→ **PROBLEM REQUIREMENTS**:
Having found the line containing "Дүйшөмбүдө келбеген орус" in the records below, copy that line and each later one exactly, dropping pictures.

________

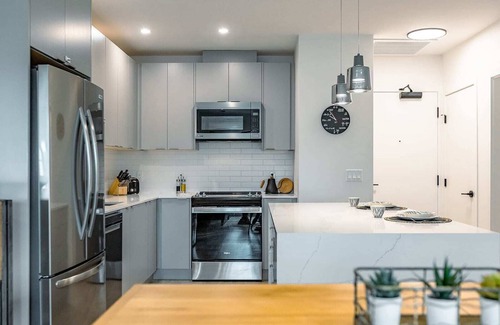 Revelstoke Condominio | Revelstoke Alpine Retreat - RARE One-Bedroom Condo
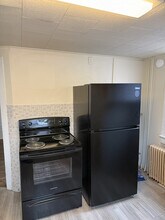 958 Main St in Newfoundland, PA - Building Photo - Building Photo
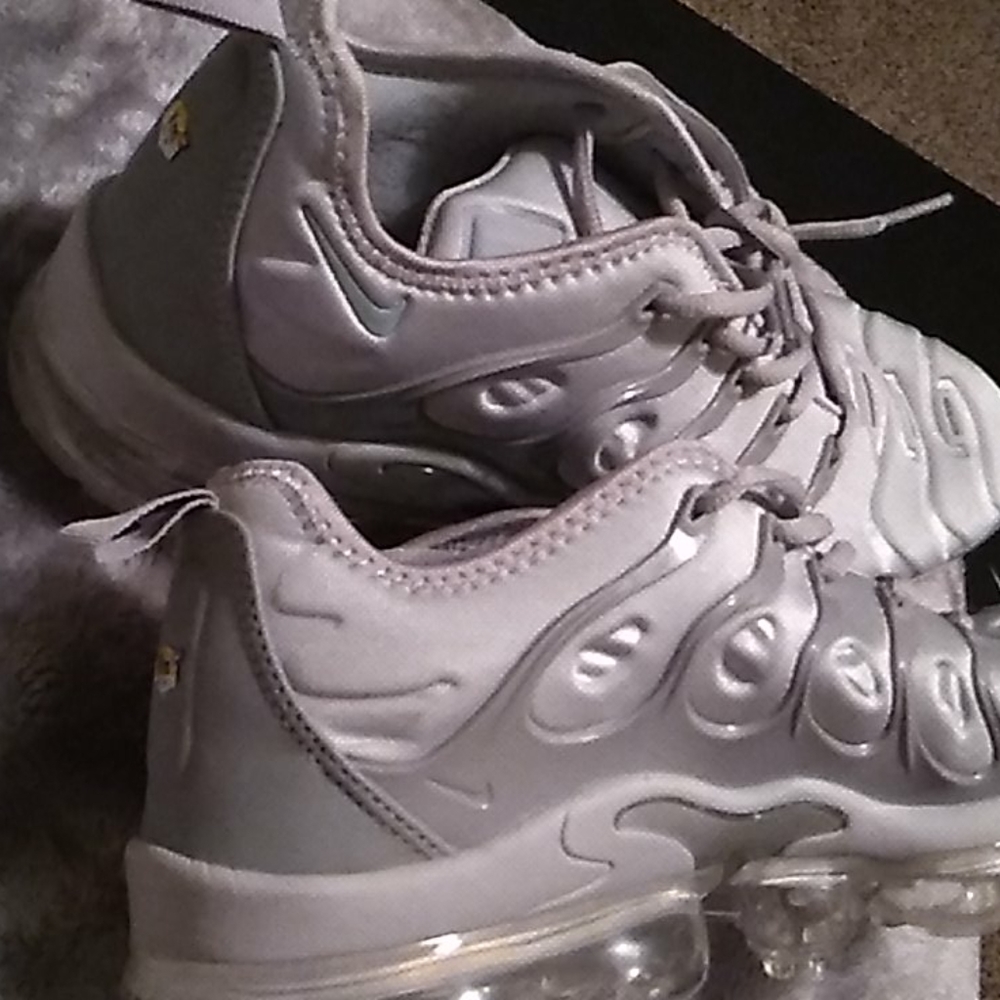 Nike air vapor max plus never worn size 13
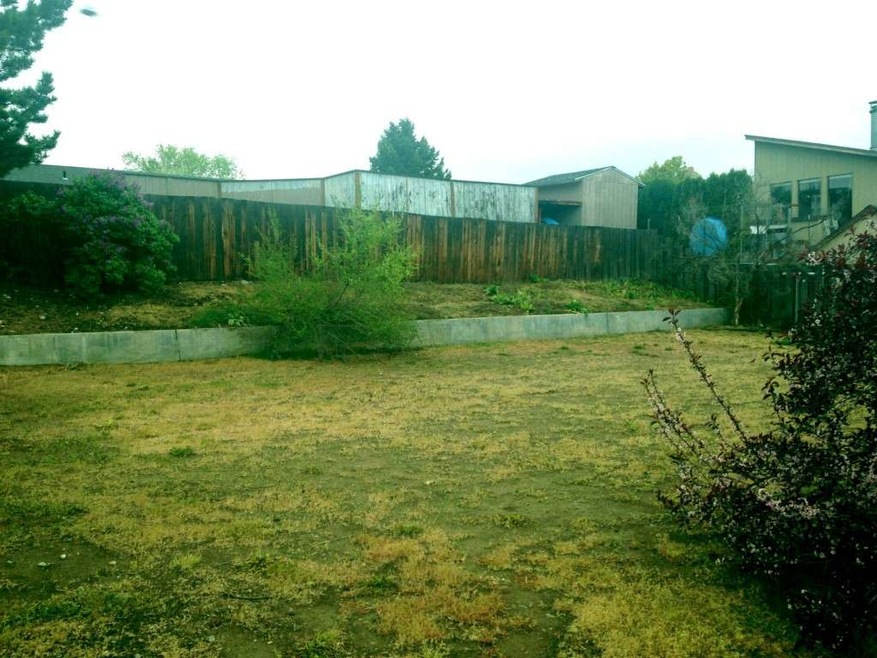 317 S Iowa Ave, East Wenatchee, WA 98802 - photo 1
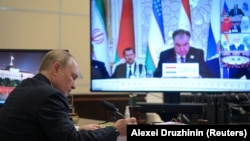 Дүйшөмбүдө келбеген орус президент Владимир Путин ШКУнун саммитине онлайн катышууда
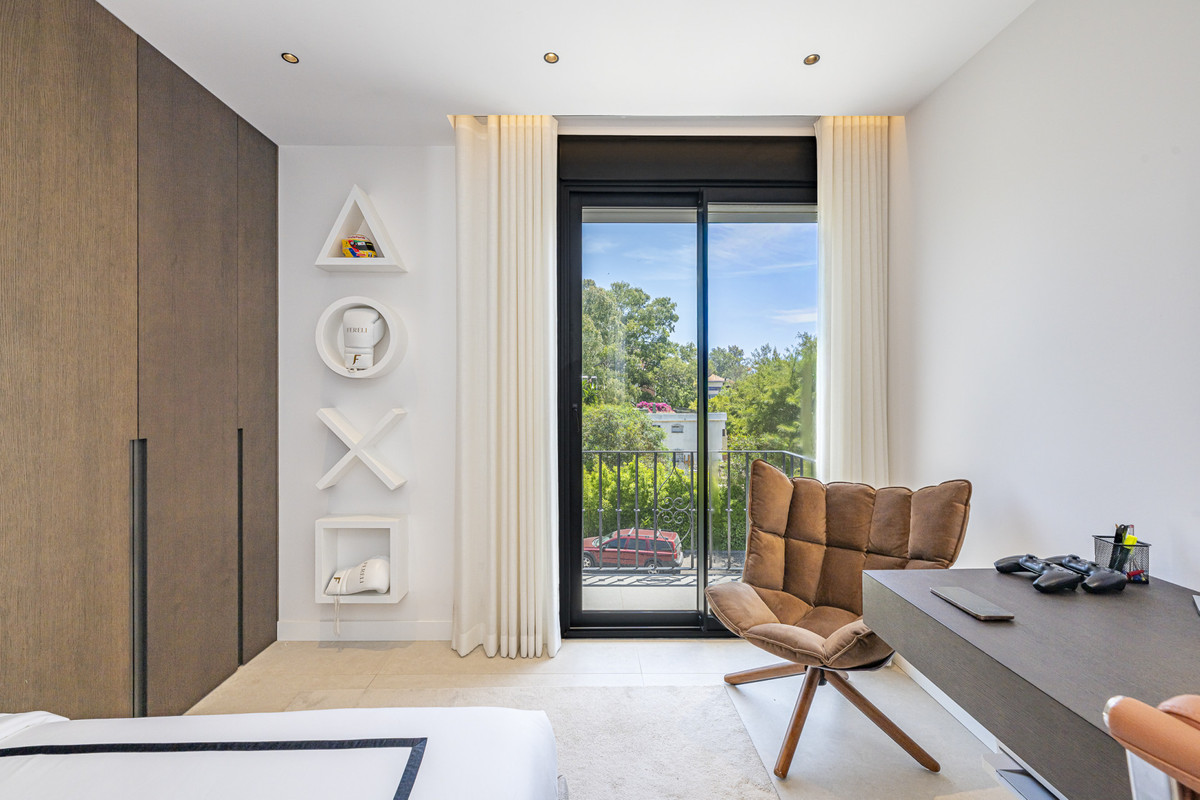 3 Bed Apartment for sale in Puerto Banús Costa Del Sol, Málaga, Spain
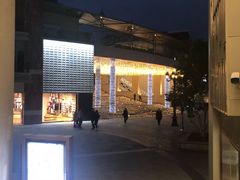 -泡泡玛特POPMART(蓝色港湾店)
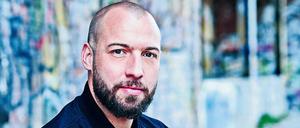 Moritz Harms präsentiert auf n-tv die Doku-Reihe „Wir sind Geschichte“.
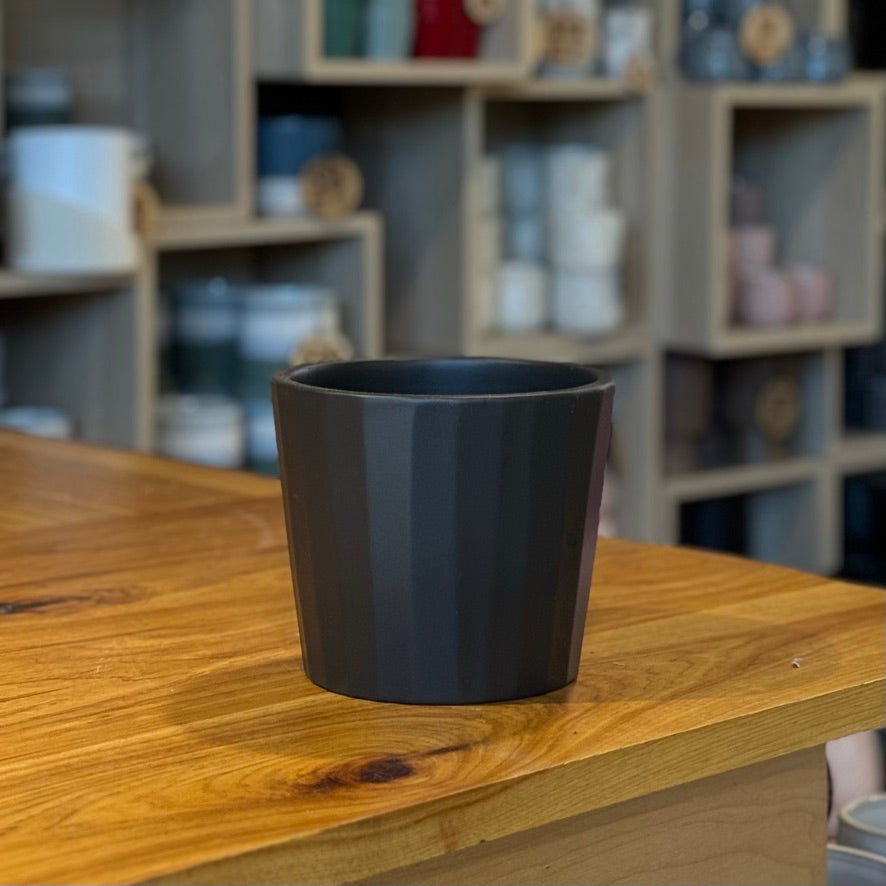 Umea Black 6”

________

→ **OUTPUT FOR THIS EXERCISE**:
 Дүйшөмбүдө келбеген орус президент Владимир Путин ШКУнун саммитине онлайн катышууда
 3 Bed Apartment for sale in Puerto Banús Costa Del Sol, Málaga, Spain
 -泡泡玛特POPMART(蓝色港湾店)
 Moritz Harms präsentiert auf n-tv die Doku-Reihe „Wir sind Geschichte“.
 Umea Black 6”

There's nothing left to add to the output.